A bit better version:
http://codepad.org/jhbYxEgU

I think this code is good compared to the original (there are better algorithms). So maybe the introduced inefficiencies are small compiler problems worth finding and reporting.

------------------

Manu:

> Does D support proper square array's this way? Or does it just automate allocation of the inner arrays?
> Does it allocate all the associated memory in one block?

Maybe you should take a look at druntime code.

Bye,
bearophile
March 04, 2013
On Monday, 4 March 2013 at 14:59:21 UTC, bearophile wrote:
> Manu:
>
>> Does D support proper square array's this way? Or does it just automate allocation of the inner arrays?
>> Does it allocate all the associated memory in one block?
>
> Maybe you should take a look at druntime code.
>
> Bye,
> bearophile

As far as I know it's just a way of automating the allocation, it expands out to the necessary loops.
March 04, 2013
On Monday, 4 March 2013 at 04:15:41 UTC, bearophile wrote:
> John Colvin:
>
>> First things first:
>> You're not just timing the multiplication, you're timing the memory allocation as well. I suggest using http://dlang.org/phobos/std_datetime.html#StopWatch to do some proper timings in D
>
> Nope, what matters is the total program runtime.
>
> Bye,
> bearophile

The performance of the multiplication loops and the performance of the allocation are separate issues and should be measured as such, especially if one wants to make meaningful optimisations.
March 04, 2013
On Monday, 4 March 2013 at 14:59:21 UTC, bearophile wrote:
>
> A bit better version:
> http://codepad.org/jhbYxEgU
> Bye,
> bearophile

http://dpaste.dzfl.pl/ is back online btw
March 04, 2013
John Colvin:

> The performance of the multiplication loops and the performance of the allocation are separate issues and should be measured as such, especially if one wants to make meaningful optimisations.

If you want to improve the D compiler, druntime, etc, then I agree you have to separate the variables and test them one at a time. But if you are comparing languages+runtimes+libraries then it's better to not cheat, and test the whole running (warmed) time.


> http://dpaste.dzfl.pl/ is back online btw

dpaste is too much javascript-heavy for a very quick pasting. codepad is much more light if I don't want to run D code.

Bye,
bearophile
March 04, 2013
> A bit better version:
> http://codepad.org/jhbYxEgU
>
> I think this code is good compared to the original (there are better algorithms).

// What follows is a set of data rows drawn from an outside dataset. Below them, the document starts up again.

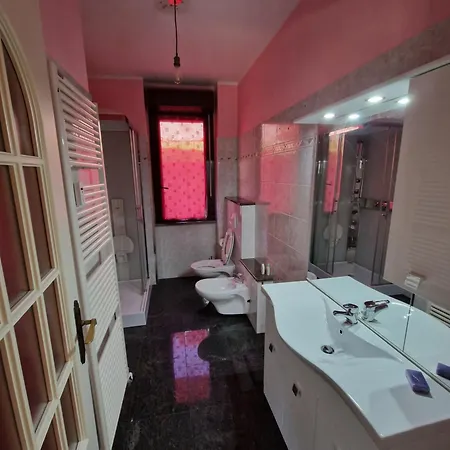 Lejlighed La Casa Della Nonna Sara Abbadia Lariana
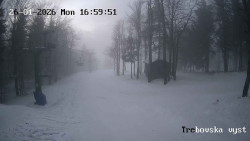 Sjezdovka Třebovská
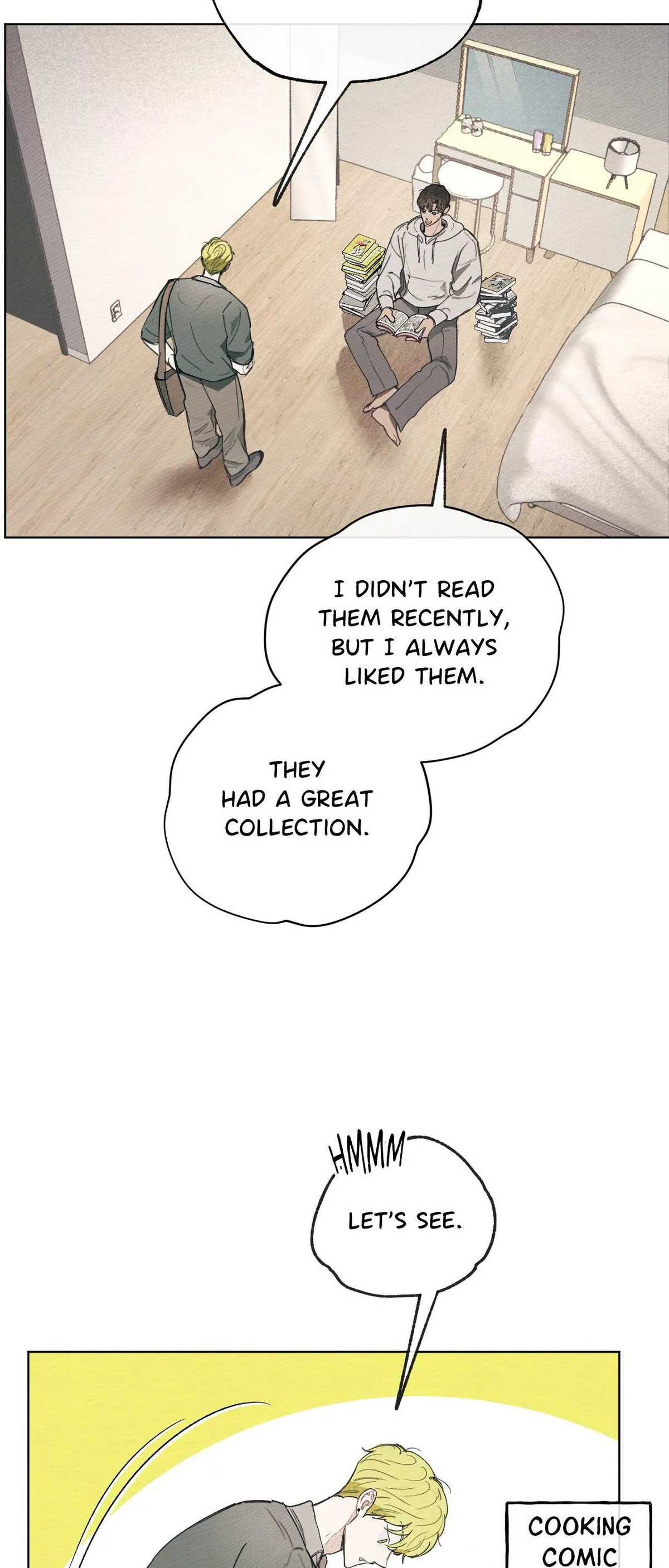 My perfect boyfriend Chapter 32 page 5 - 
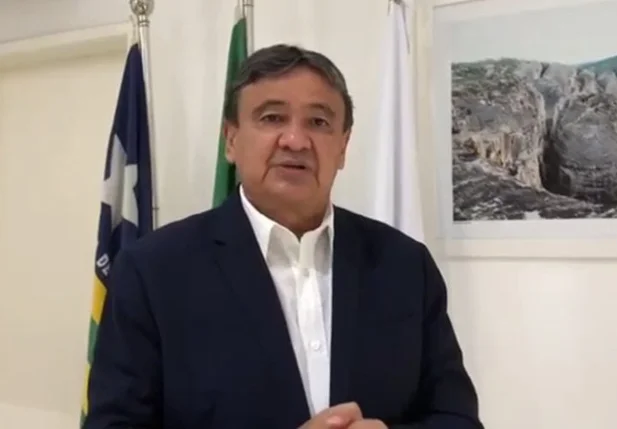 Wellington celebra retorno dos testes da vacina Coronavac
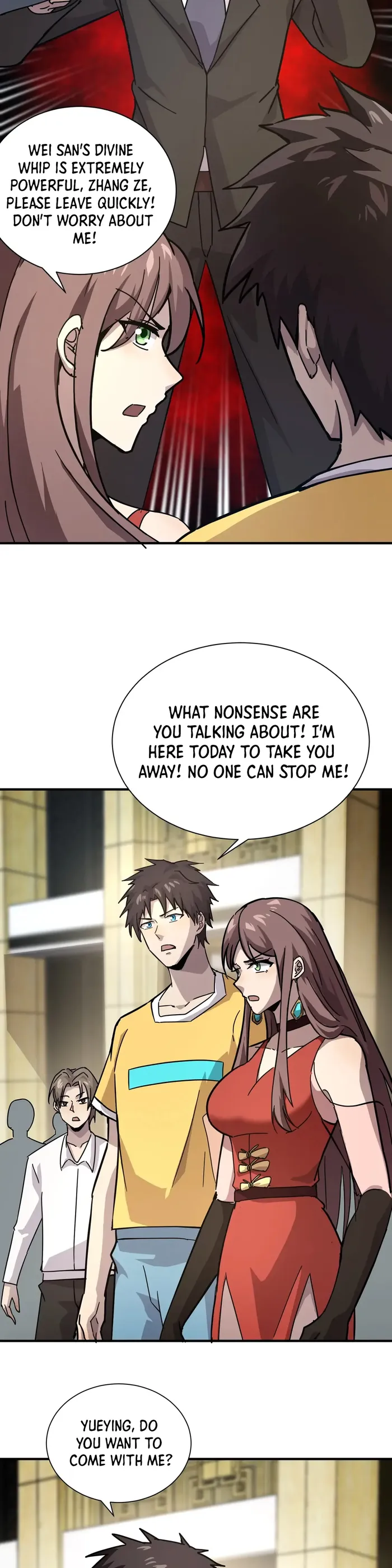 manhuaverse manhwa comic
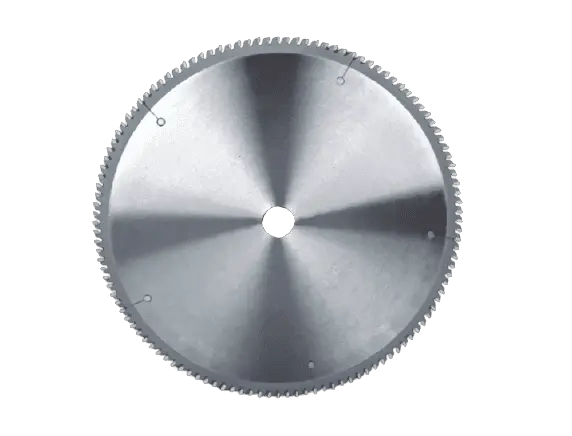 Smaller 350mm saw blades for aluminum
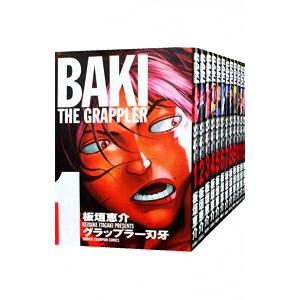 12月上旬より発送予定 / 新品 特典あり [刃牙]バキ道 (1-17巻 全巻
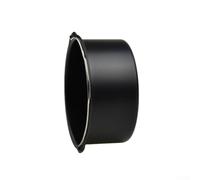 babominimer Ensemble de gâteau rond de 15,2 cm, 7,2 cm, en acier au carbone sans cuisson pour panier de friteuse à air comprimé ou four, ustensiles de cuisson durables haute résistance pour un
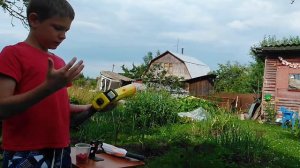 Обзор на бластер nerf usp фортнайт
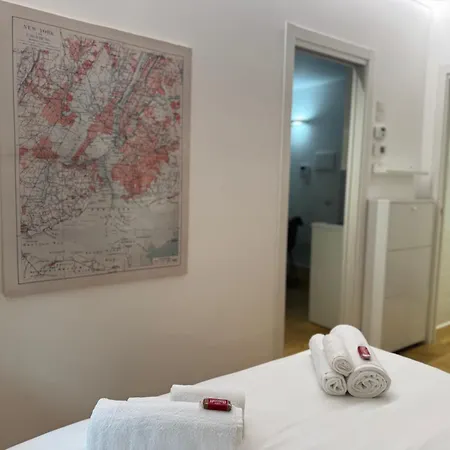 Regina Milano In Porta Romana アパート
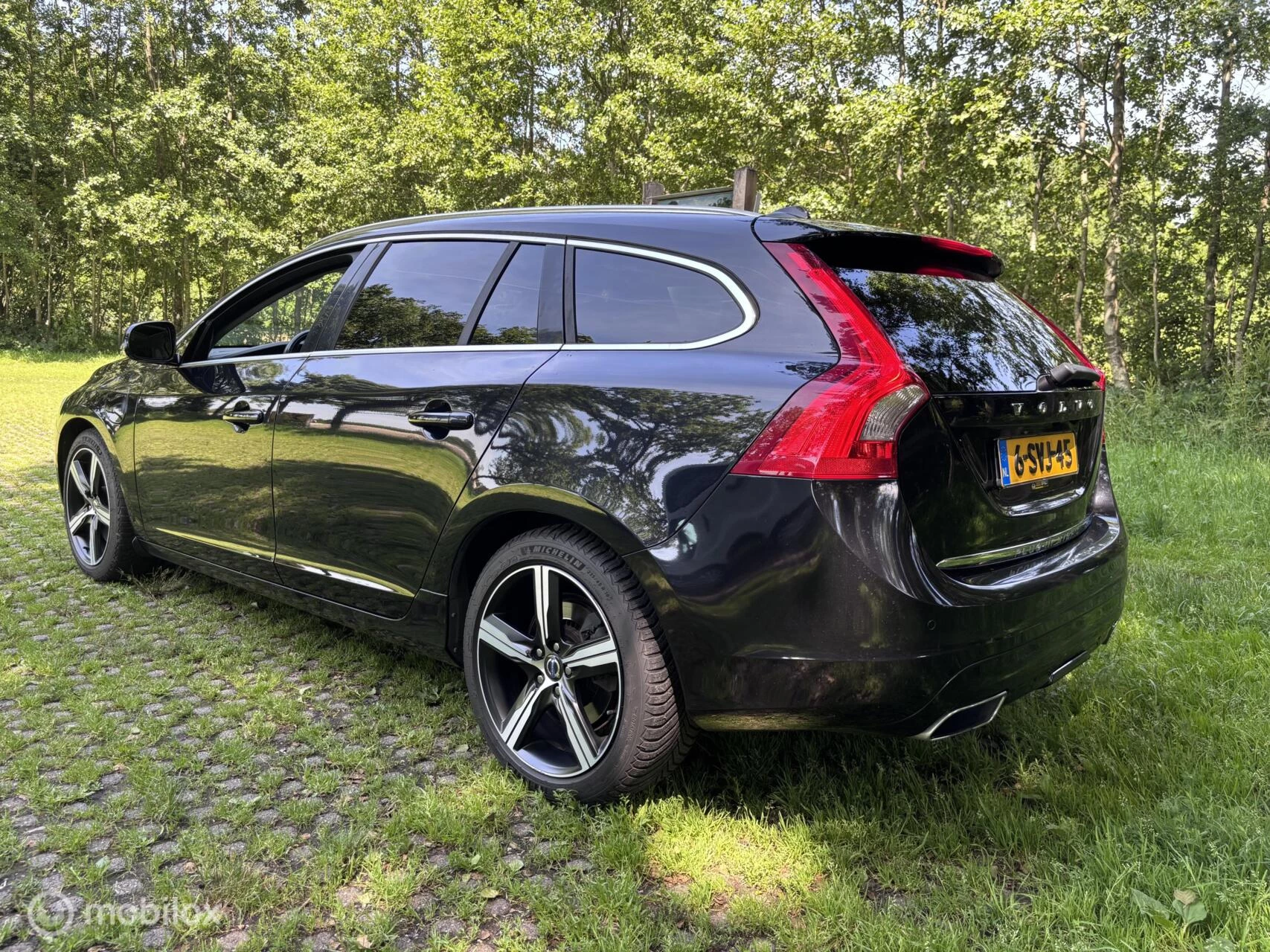 Hoofdafbeelding Volvo V60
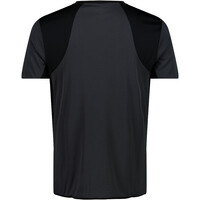 Cmp camiseta montaña manga corta hombre MAN T-SHIRT vista trasera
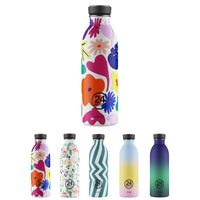 Gourde Inox Urban Bottle 500ml motifs - 24Bottles 24 Bottles Hersée Paris 9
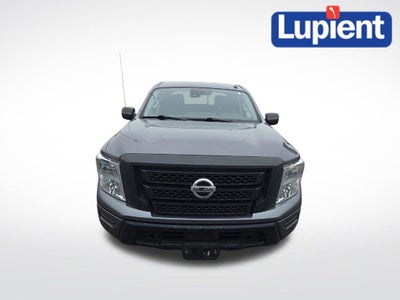2021 Nissan Titan S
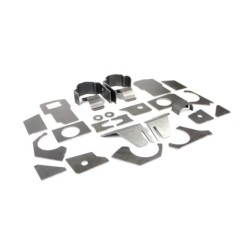 REFUERZO DE CUNA TRASERA BMW E36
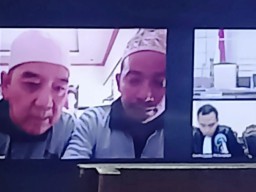 Jefri dan Andrianto Dituntut 5 Tahun 6 Bulan Penjara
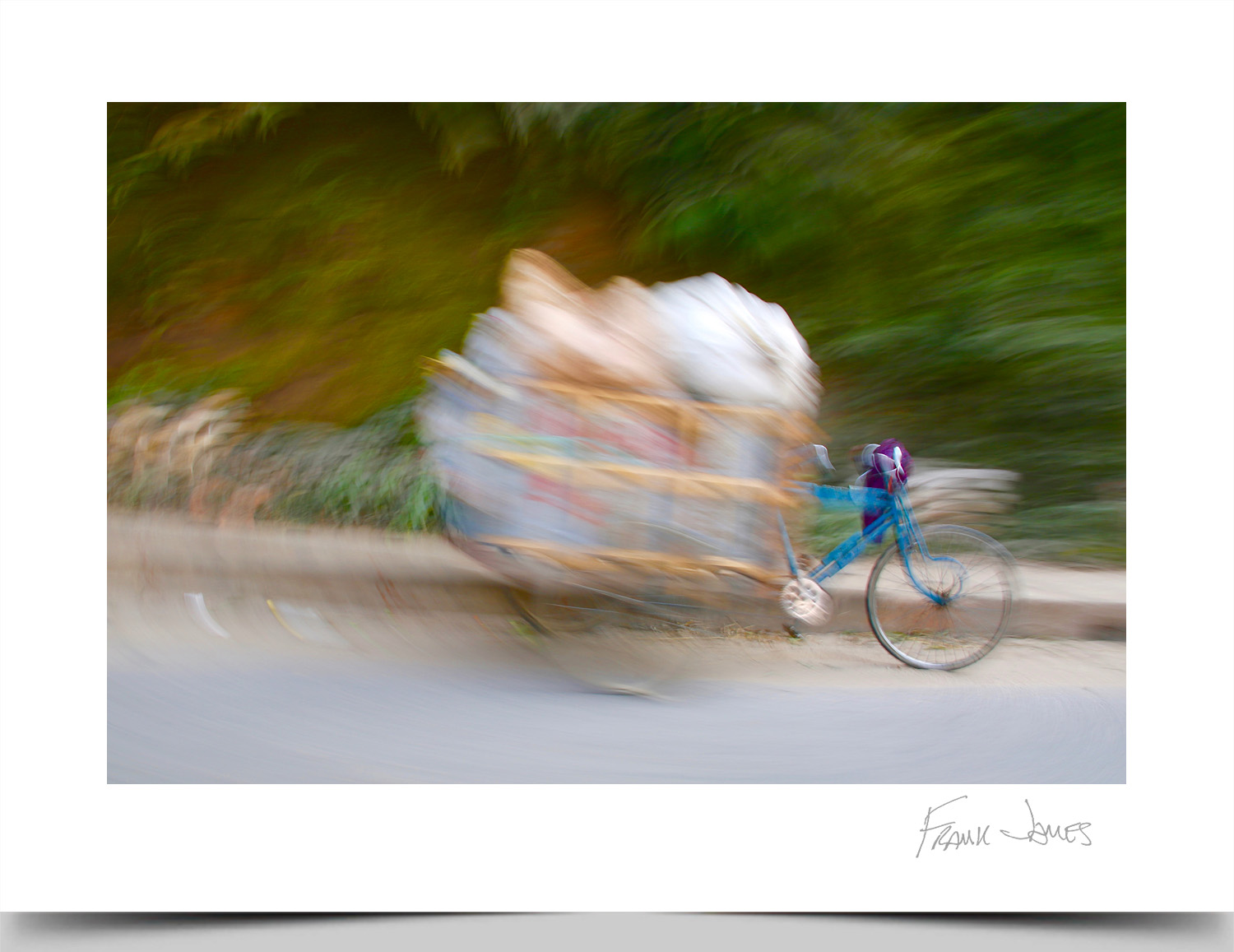 © Frank James Photography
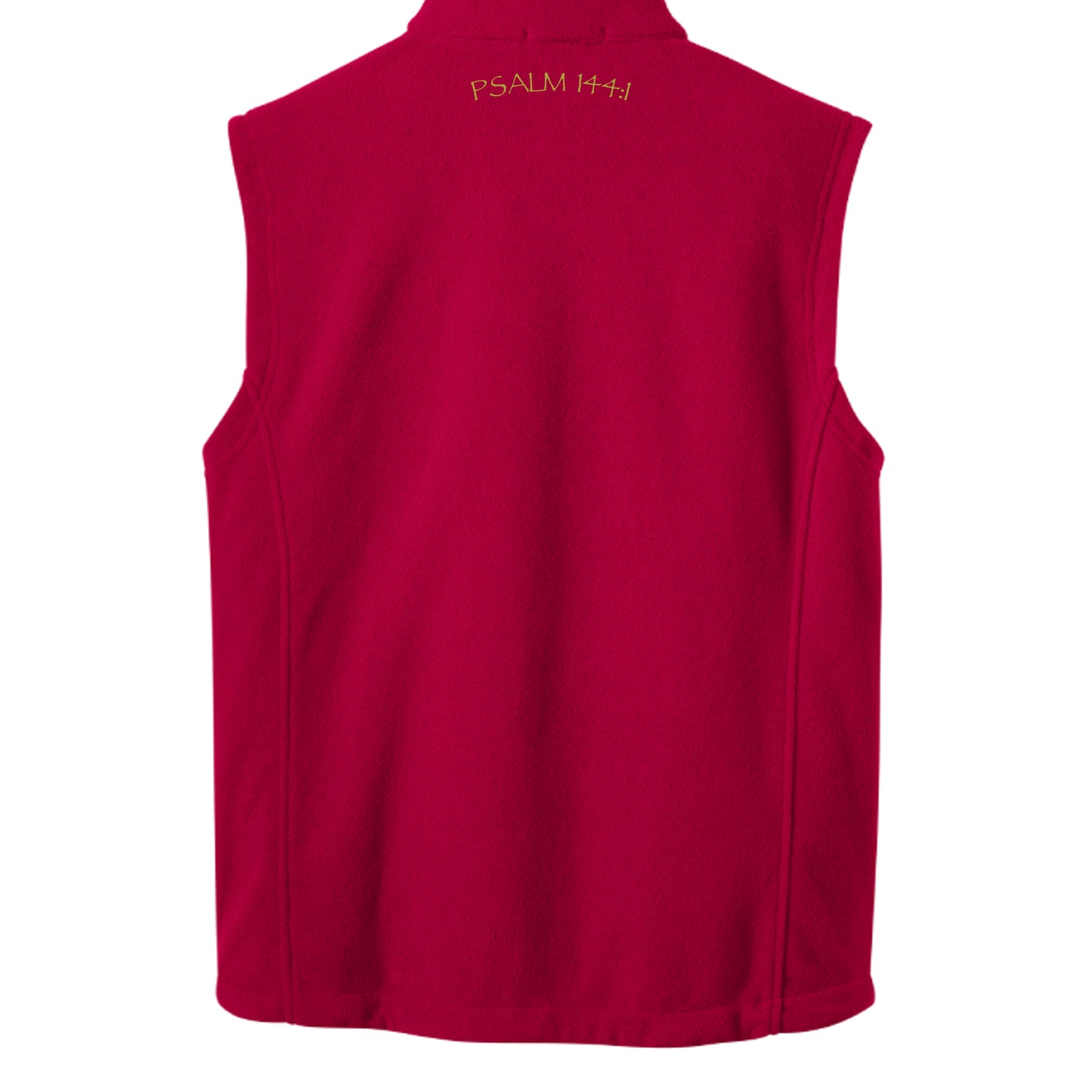 True Red - F219 - BACK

You can make it much faster even without really changing the algorithm. Just by reversing the order of inner two loops like this:

void matrixMult2(in int[][] m1, in int[][] m2, int[][] m3) pure nothrow {
    foreach (immutable i; 0 .. m1.length)
        foreach (immutable k; 0 .. m2[0].length)
            foreach (immutable j; 0 .. m3[0].length)
                m3[i][j] += m1[i][k] * m2[k][j];
}

you can make the code much more cache friendly (because now you aren't iterating any matrix by column in the inner loop) and also allow the compiler to do auto vectorization. matrixMul2() takes 2.6 seconds on my machine and matrixMul()takes 72 seconds (both compiled with  gdmd -O -inline -release -noboundscheck -mavx).

This isn't really relevant to the comparison with C++ in this thread, I just thought it may be useful for anyone writing matrix code.